■ About this task ■
Extract, exactly and without pictures, every line from the one that includes "Schody, łańcuchy na" through the final line of the material below.

--- Given data ---

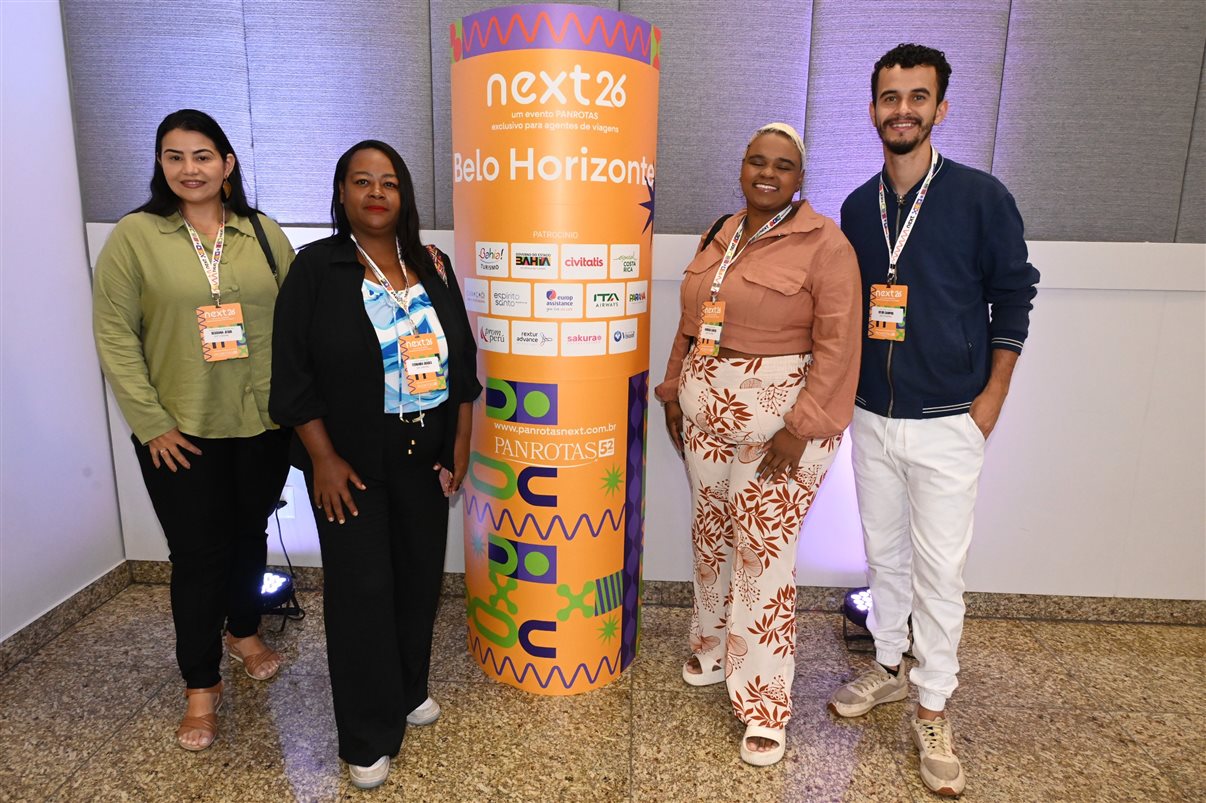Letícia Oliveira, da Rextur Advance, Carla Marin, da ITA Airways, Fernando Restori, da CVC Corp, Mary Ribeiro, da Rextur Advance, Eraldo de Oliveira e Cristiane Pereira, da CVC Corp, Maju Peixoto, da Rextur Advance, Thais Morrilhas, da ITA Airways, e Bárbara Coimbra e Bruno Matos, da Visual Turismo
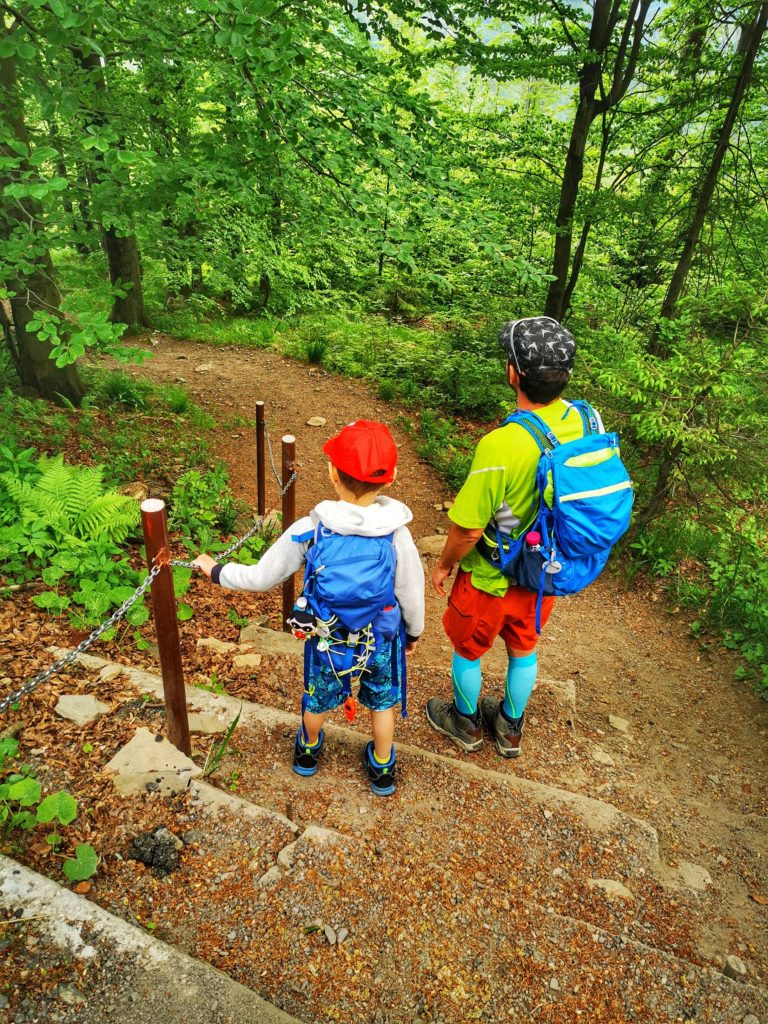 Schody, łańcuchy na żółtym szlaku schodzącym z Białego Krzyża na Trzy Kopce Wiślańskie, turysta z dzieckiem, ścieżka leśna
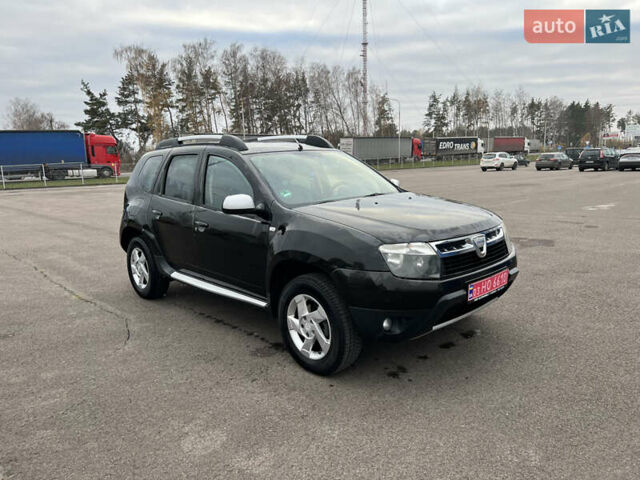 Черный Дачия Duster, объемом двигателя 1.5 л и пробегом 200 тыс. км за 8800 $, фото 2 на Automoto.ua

---

■ Answer to the exercise ■
 Schody, łańcuchy na żółtym szlaku schodzącym z Białego Krzyża na Trzy Kopce Wiślańskie, turysta z dzieckiem, ścieżka leśna
 Черный Дачия Duster, объемом двигателя 1.5 л и пробегом 200 тыс. км за 8800 $, фото 2 на Automoto.ua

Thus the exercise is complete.